Suggestions constructive critisism are not only welcome, but requested. 

Thanks,
Scott


----------



## vsmith (Jan 2, 2008)

Cool, I'll be watching this one!


----------



## SteveC (Jan 2, 2008)

Scott

Interesting choice, the 0-6-0F in the topic title really had me going, I knew that I'd seen the F designation before but for the life of me I couldn't remember what it stood for, thanks for including the explanation in your posting. I'll be another watching how things turn out, thanks for taking the time to share.


----------



## trainmaster1989 (Jan 4, 2008)

Thanks ,

Heres the chassis after i put in the spacers.I found some 1-72 screws at ace hardware and they turned out to be the perfect size. 

The hard part was making sure it was squared up, but i think its pretty close. Next i'll cut some brass tube for bushings and thats about as far as i can go until i come up with a motor for it.










Thanks,
Scott


----------



## peter bunce (Dec 29, 2007)

Hi 

Hartland sell a motor and gearbox in one unit.


----------



## eddie (Jan 2, 2008)

that is awesome looking forward to more updates


----------



## wildbill001 (Feb 28, 2008)

Gotta ask....Where did you get the drivers?

Also, once you get a motor, any thoughts on how you are going to transfer energy from motor to wheels?  That is, gearing, and where to obtain the gears?

Thanks

Bill W


----------



## trainmaster1989 (Jan 4, 2008)

Thanks, 

the drivers are from LGB they are part of the DR Loco (#21811); four wheels with short crankshafts and two with long. I'm currently waiting for Mr. Mahon at LGBoA to get some motors and a drive kit in stock that will cover both motor and gearing needs. 

Right now i'm working on the cylinders. 

I've heard a lot about fillers/puttys that people have used to fill gaps between parts or to create smooth curves on their models. What type of putty is this? 

Thanks, 
Scott


----------



## pcentral (Jan 3, 2008)

Hey Scott, 
Looking good! I'm happy to see you doing some scratchbuilding, keep at it you'll love it. 

I use Squadron Green Putty. They also make White Putty but I haven't tried it. You should be able to find it at any of the LHS's. 

Steve


----------



## trainmaster1989 (Jan 4, 2008)

I still havent gotten the motor in so work has been kind of slow. I built the cylinders and worked on spacing them properly. 
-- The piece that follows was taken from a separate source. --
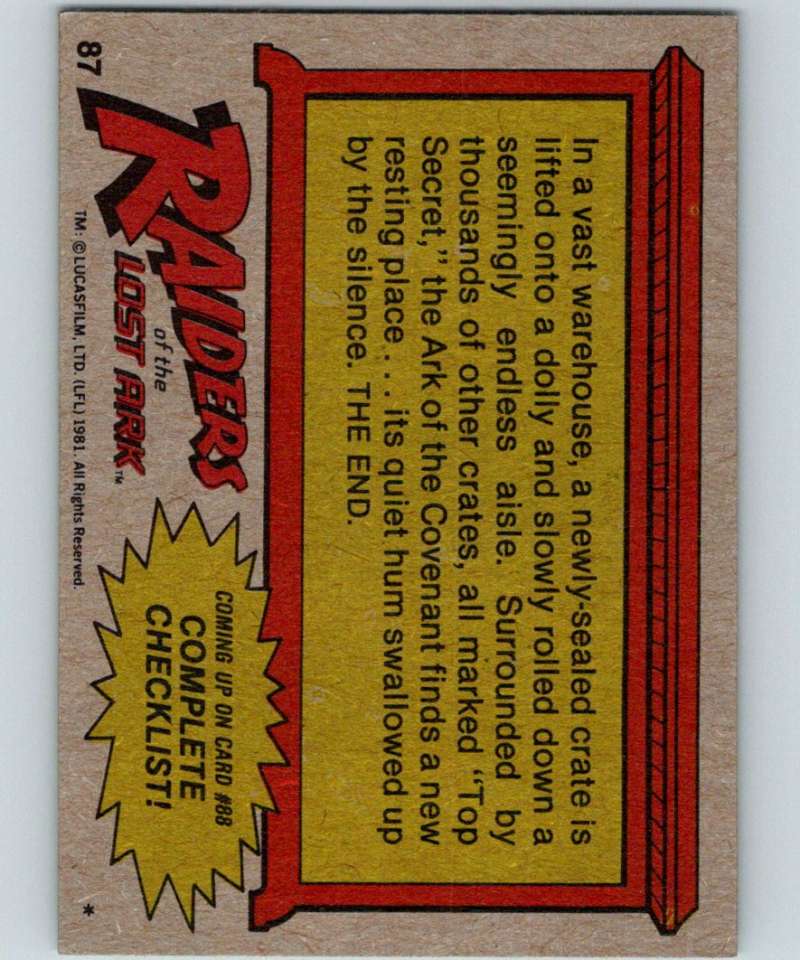 1981 Topps Raiders Of The Lost Ark #87 Destiny Of The Ark Image 2
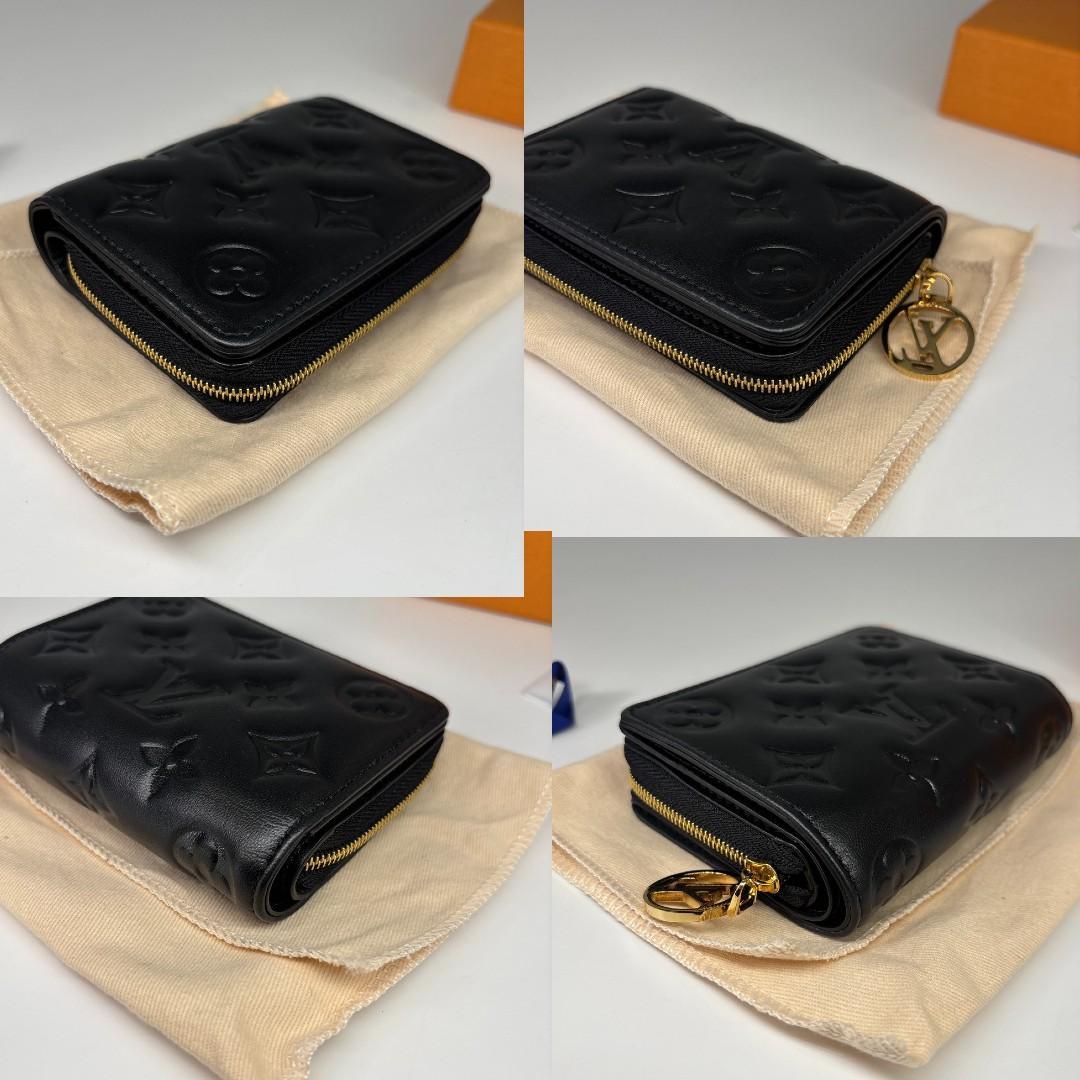 未使用/IC ルイヴィトン ポルトフォイユ・ルー ブラック 二つ折り財布 黒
The spacer is a piece of carboard with center lines drawn on it to match the centers on the cylinders. I think the appropriate spacing would be 72mm from center to center. 
Is there some way to derive the spacing other than eyeballing it? 

Steve, 
I do like the challenge of screatchbuilding. 
I'll look into the squadron putty. 


Thanks 
Scott 

BTW i'd be happy to share any of the documents and such that i have on trains.


----------